Millan’s attorney, however, said the move was punishment for speaking out against Smith-Dean, after Millan accused her of unfair treatment at work and retaliation.
A third employee accused Smith-Dean late last year of harassment and bullying as part of an internal complaint.
An outside firm, Kelmar Global Investigations, was brought in to examine the allegations.
Smith subsequently informed the attorney representing the woman who filed the complaint that Kelmar had concluded its report and, based on a legal review of it by the district attorney’s office, the allegations against Smith-Dean could not be substantiated.
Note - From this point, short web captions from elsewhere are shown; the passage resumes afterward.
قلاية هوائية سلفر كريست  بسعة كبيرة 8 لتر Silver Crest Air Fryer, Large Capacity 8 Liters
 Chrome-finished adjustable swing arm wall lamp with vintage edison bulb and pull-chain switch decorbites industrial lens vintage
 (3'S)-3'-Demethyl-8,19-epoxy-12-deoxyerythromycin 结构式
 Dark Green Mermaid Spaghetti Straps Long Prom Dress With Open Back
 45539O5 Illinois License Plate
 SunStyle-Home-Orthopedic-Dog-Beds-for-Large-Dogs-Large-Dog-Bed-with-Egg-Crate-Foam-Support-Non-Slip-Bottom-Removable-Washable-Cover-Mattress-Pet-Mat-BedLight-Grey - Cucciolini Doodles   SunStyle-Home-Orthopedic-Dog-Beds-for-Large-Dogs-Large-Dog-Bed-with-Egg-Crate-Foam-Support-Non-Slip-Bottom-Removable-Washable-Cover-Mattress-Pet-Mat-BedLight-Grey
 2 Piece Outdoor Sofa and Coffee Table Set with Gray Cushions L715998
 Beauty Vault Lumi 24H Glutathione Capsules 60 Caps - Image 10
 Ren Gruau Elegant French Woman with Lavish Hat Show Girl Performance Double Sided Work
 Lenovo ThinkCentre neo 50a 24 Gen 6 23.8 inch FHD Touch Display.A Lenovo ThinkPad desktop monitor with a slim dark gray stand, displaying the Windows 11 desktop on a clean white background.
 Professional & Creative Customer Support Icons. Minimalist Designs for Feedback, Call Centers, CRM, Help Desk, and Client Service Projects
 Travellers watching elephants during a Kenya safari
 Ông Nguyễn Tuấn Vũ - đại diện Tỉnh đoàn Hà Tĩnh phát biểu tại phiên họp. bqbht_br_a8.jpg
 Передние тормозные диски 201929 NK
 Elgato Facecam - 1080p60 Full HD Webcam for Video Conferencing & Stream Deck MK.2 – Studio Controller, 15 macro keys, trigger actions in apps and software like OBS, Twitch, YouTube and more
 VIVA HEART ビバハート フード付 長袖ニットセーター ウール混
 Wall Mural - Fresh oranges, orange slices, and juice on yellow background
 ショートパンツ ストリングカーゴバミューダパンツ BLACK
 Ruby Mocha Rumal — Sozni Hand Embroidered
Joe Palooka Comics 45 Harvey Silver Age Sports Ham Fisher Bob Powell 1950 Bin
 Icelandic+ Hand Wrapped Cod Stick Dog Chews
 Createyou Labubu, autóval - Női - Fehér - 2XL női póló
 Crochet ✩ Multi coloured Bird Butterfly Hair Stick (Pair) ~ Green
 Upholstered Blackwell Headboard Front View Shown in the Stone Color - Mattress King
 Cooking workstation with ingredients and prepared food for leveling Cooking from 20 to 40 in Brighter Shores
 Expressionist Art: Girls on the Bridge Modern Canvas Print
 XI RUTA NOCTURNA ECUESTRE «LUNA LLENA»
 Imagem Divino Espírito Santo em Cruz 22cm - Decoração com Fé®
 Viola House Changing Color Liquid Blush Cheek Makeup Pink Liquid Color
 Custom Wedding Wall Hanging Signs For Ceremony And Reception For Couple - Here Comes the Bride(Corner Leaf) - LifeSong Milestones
County officials have refused to release a copy of the report and claimed in late May that some of the information was protected by attorney-client privilege. In late July, officials with the Texas Attorney General’s Office ruled that the information could be withheld from the public despite KSAT’s appeal.
County officials, to date, have refused to confirm how much money was paid to Kelmar and its investigators to put the report together, despite repeated requests over several months from the Defenders asking for that information.
The employee has now filed a federal employment complaint against Smith-Dean related to the same allegations she made in her initial internal complaint.
That employee was given a proposed termination in early June, after she made the internal complaint, because several co-workers said she intimated them by recording video of them outside an elevator in the Paul Elizondo Tower.
She retired weeks later, but has denied she was recording employees.
The hiring of Highley also comes after Precinct 4 Commissioner Tommy Calvert earlier this year asked that the county draft a whistleblower protection policy “so that any member of the county staff is protected from retaliation.”
Calvert did not respond to multiple requests seeking comment for this story.